Figure 1: op-amp with open-loop inverting mode.

In Figure 1 the op-amp will amplify the difference between its inputs by the open loop gain. Let's say the open loop gain is 1,000,000 and we apply +1 mV at the '-' input. Since it is higher than the '+' input the output will go to -1 mV x 1000000 = -1000 V. (Obviously on a real op-amp it will stop at the negative supply rail.)

This circuit would not make a good amplifier as the gain would not be controllable, any variation or drift in the input offsets would wreak havoc with the output and any non-linearities of the amplifier would go un-checked. It might, however, make a useable comparitor to detect if the input voltage was above or below, in this case, zero volts.

Negative feedback

Negative feedback occurs when some function of the output of a system, process, or mechanism is fed back in a manner that tends to reduce the fluctuations in the output, whether caused by changes in the input or by other disturbances. Wikipedia.

Applying negative feedback brings the output under control.

schematic

simulate this circuit

Figure 2: inverting op-amp with negative feedback. Figure 3: non-inverting opamp with positive feedback.

Now if we apply negative feedback by putting back R2 the output counters the input. Imagine the operation as a sequence:

  • Vin = 0. Vout = 0.
  • Vin = 1 V. Vout = 0 at this instant. R1 and R2 form a voltage divider and the '-' input is at 0.5 V.
  • Vout starts to swing negative. This pulls the '-' input back towards 0 V.
  • The output settles down at Vout = -1 V.

In this configuration the output will move to whatever voltage makes the '-' input the same as the '+' input. This will occur when \$Vout = -Vin \frac {R2}{R1}\$.

Positive feedback

Figure 3 shows the amplifier with positive feedback.

In this situation the scenario will be as follows:

  • Vin = 0. Vout = 0.
  • Vin = 1mV. Vout still at 0 so '+' input goes to +0.5 mV.
  • Vout starts to rise. The '+' input voltage starts to follow it at about half the rate (because of the voltage divider effect).
  • Vout hits the + supply rail.

This circuit is often used to make a Schmitt trigger to add some hysteresis so that turn-on and turn-off points are different.

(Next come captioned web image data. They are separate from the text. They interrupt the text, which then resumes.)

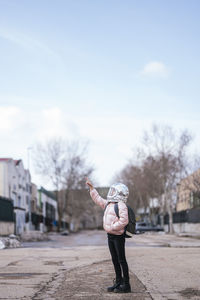 Girl wearing space helmet pointing at sky while standing on road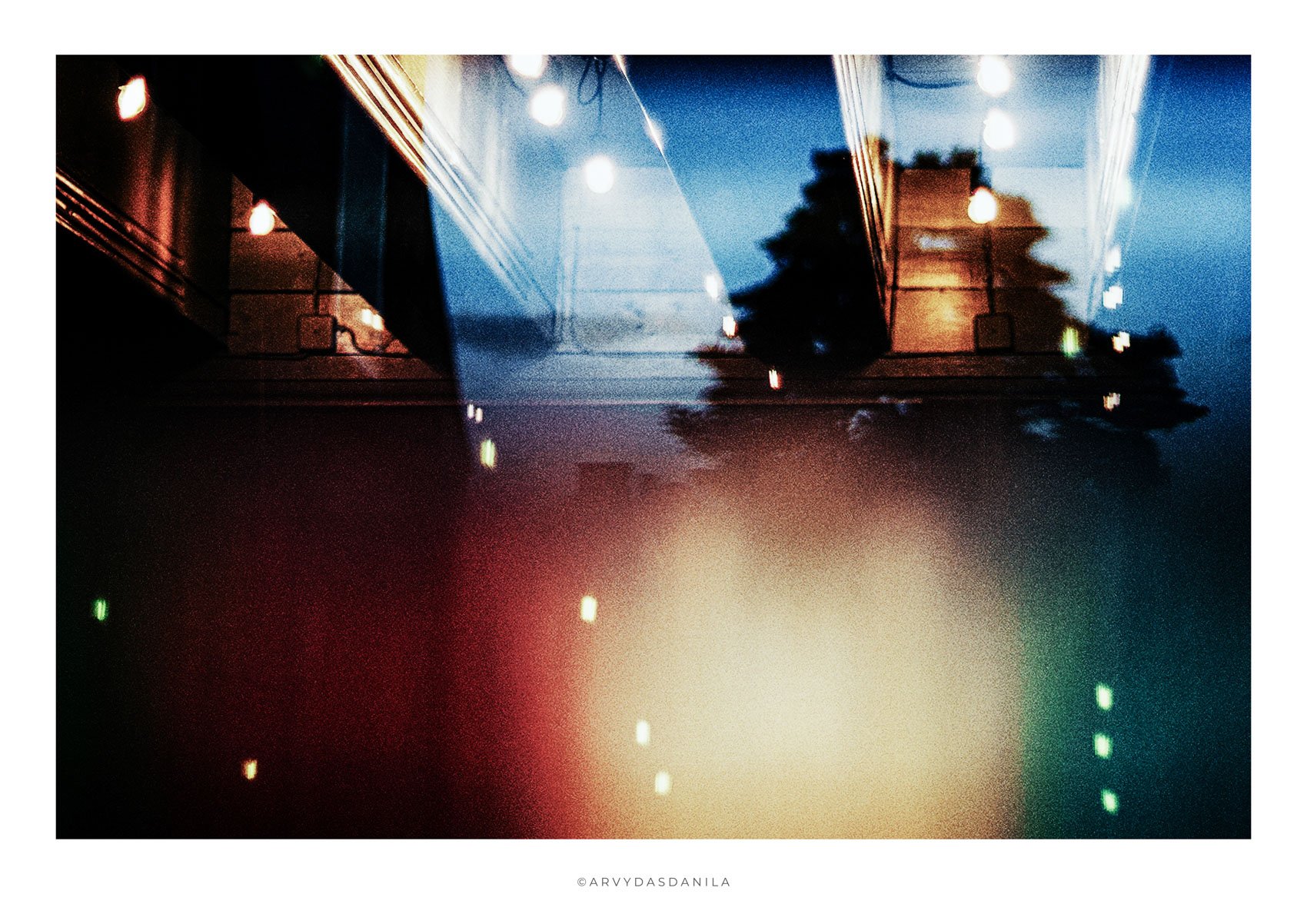 Reflection of a building and trees with string lights on a glass surface, creating a colorful, abstract scene at dusk or night.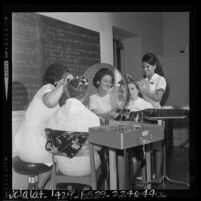 Two female students in cosmetology class at Glendale High School, Calif., 1964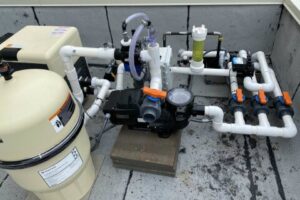 Close-up images of pool ball valves used in filtration systems. See how these valves control water flow and why regular inspection is key for pool maintenance.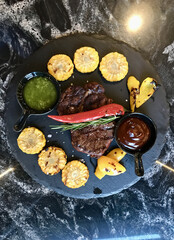 A delicious dish featuring a succulent steak and juicy corn on the cob served on a plate. This classic cuisine pairs perfectly with a squeeze of lemon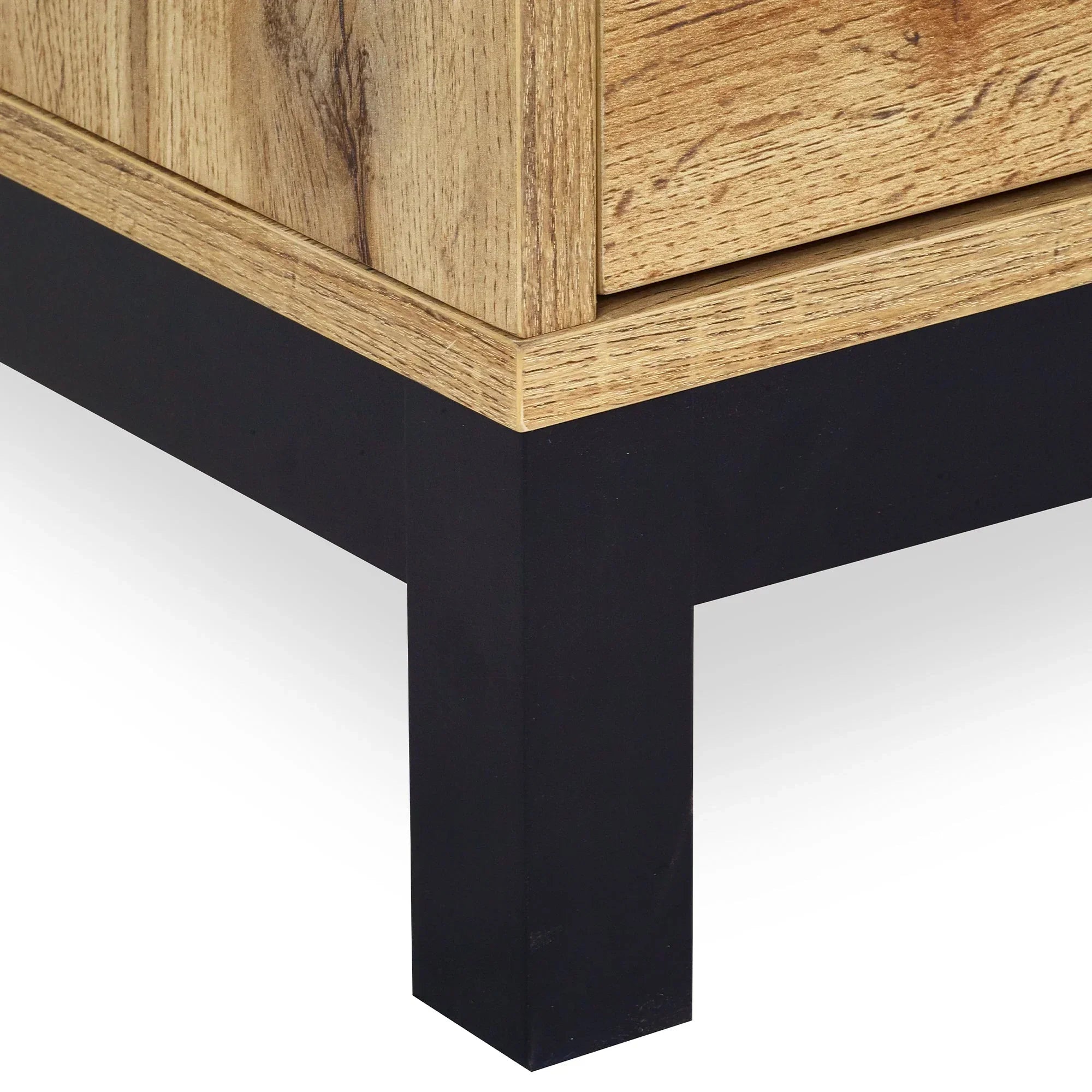 Light oak TV unit corner with black metal leg close-up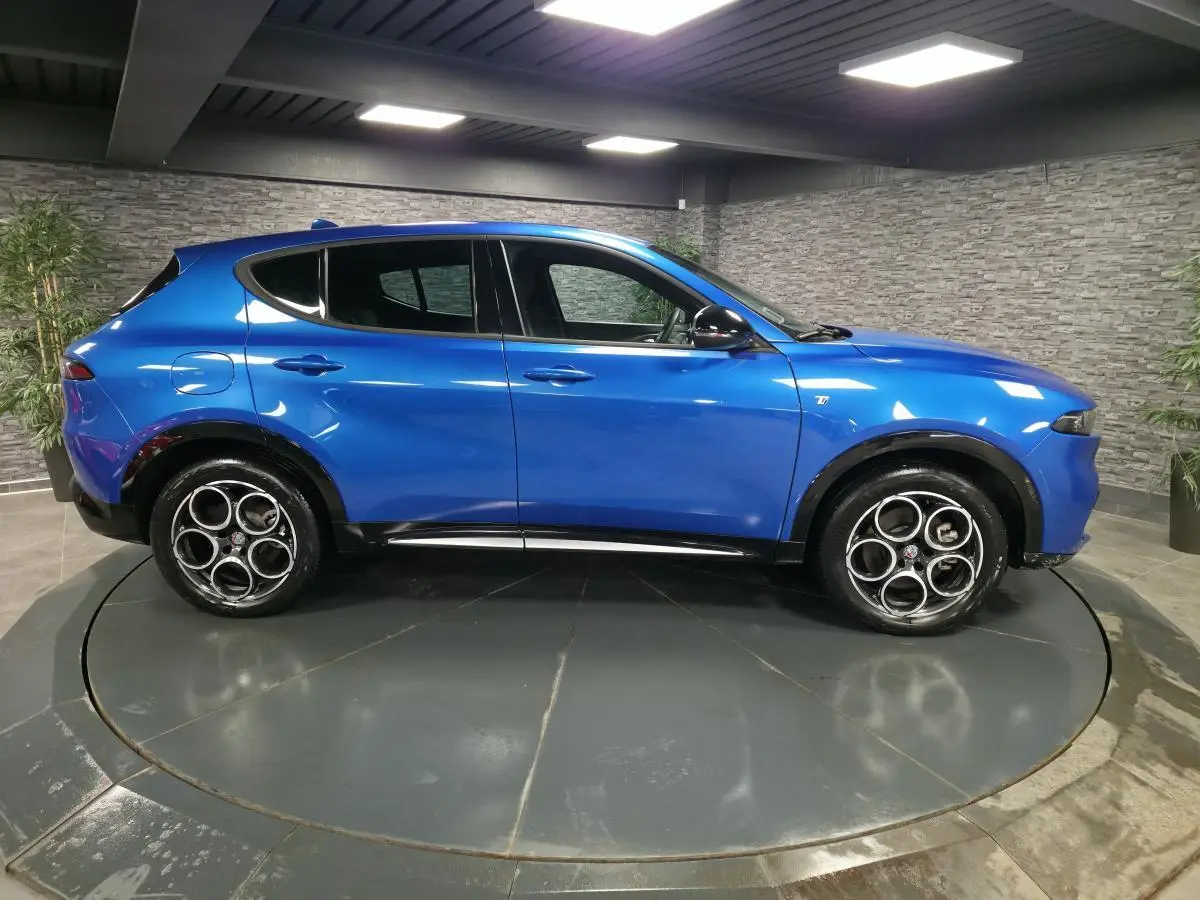 Profil droit d'une Alfa Romeo Tonale 2024 bleu métallisé avec jantes alliage 18 pouces et rétroviseurs noirs brillants.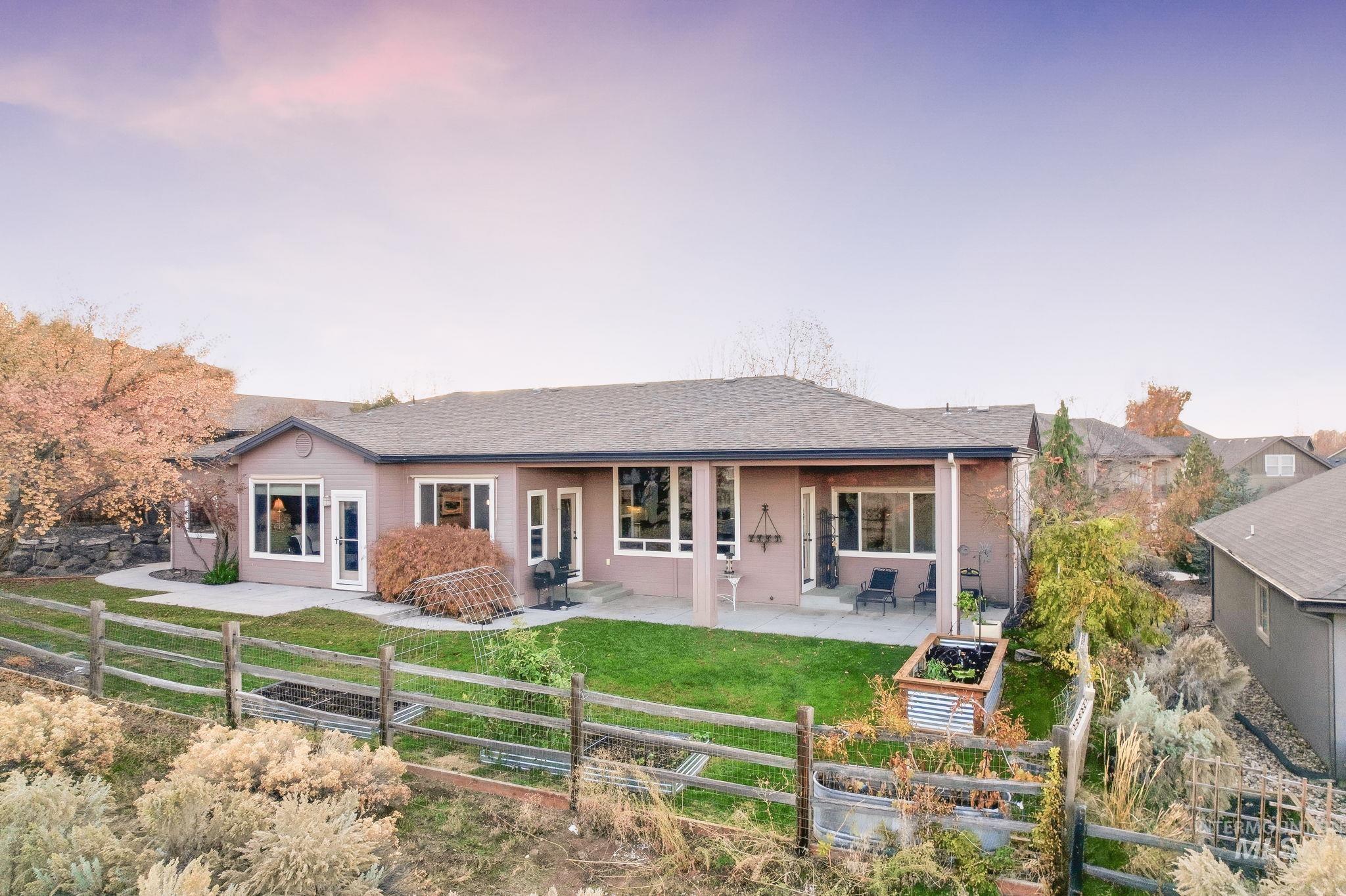 Back of property with a patio area, a fenced backyard, a garden, and a shingled roof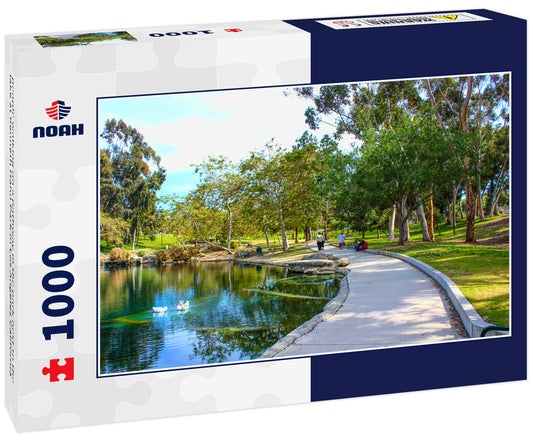 people walking on a pathway in the park next to the lake at Kenneth Hahn Park in Los Angeles California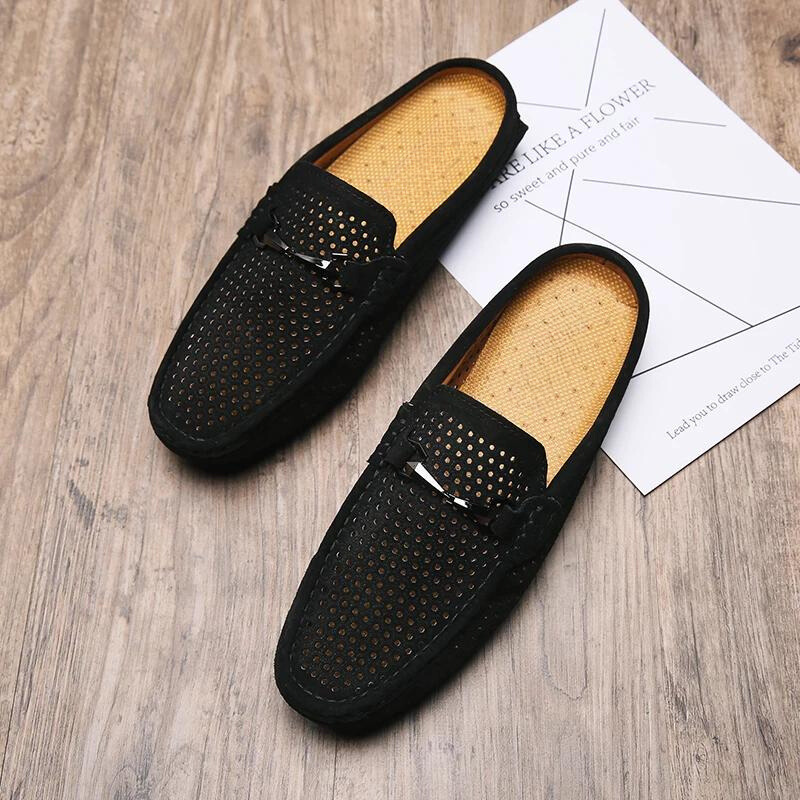 A pair of black, breathable loafers with tan insoles is placed on a wooden floor. One shoe rests partially on a white printed paper with geometric lines—ideal summer shoes for both comfort and style.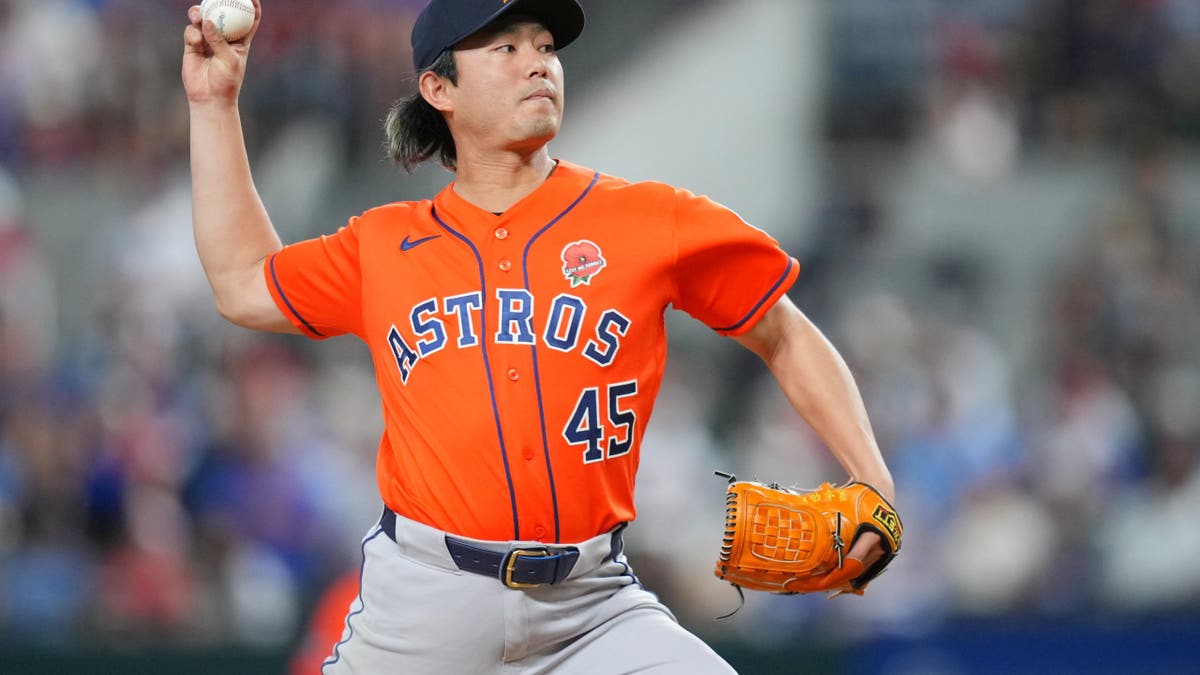 Houston Astros starting pitcher Tatsuya Imai throwing a pitch during a baseball game.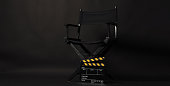 Black Director chair with black and yellow Clapper board or movie slate isolated on black background.
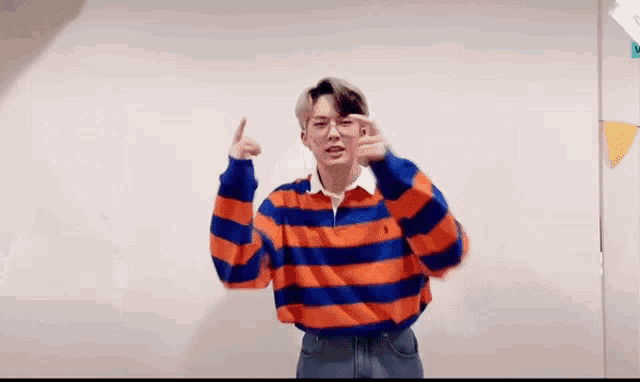a young man in a striped shirt is giving a thumbs up sign .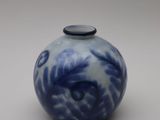 a blue and white vase with a black lid on a white surface
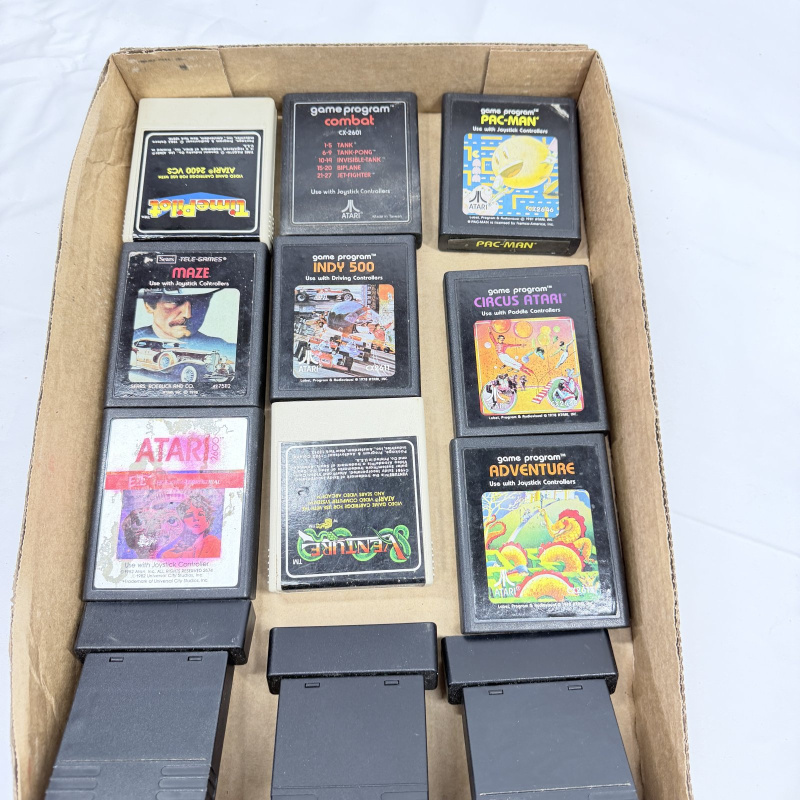 Lot 636: Vintage Atari 2600 game cartridge lot (12): Pac-Man, Adventure, Combat, Venture, Indy 500, Circus Atari, Maze, E.T., Time Pilot, Frogs and Flies, Super Challenge Baseball, Armor Ambush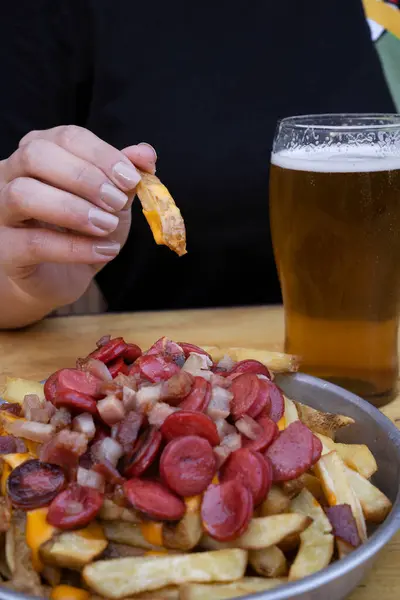 Closeup view of a woman holding a fried potato dipped in cheddar cheese sauce. The french fries with sausages and bacon dish besides a glass of beer.
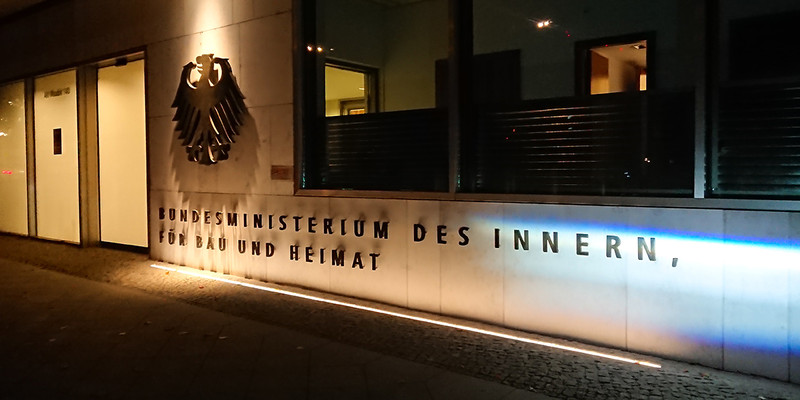KI generiert: Das Bild zeigt den Eingang des Bundesministeriums des Innern, für Bau und Heimat in Deutschland. Der Schwerpunkt liegt auf der Gebäudeaufschrift und dem Bundesadler-Emblem neben dem Eingang.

Non-inverting with negative feedback

schematic

simulate this circuit

Figure 4. Non-inverting amplifier.

The non-inverting amplifier also uses negative feedback although in a different fashion. I find it most useful to think that the op-amp is 'happy' or stable when both inputs are at the some potential. In this case it's when \$Vout = Vin \frac {R1 + R2}{R1} = Vin (1 + \frac {R2}{R1}) \$.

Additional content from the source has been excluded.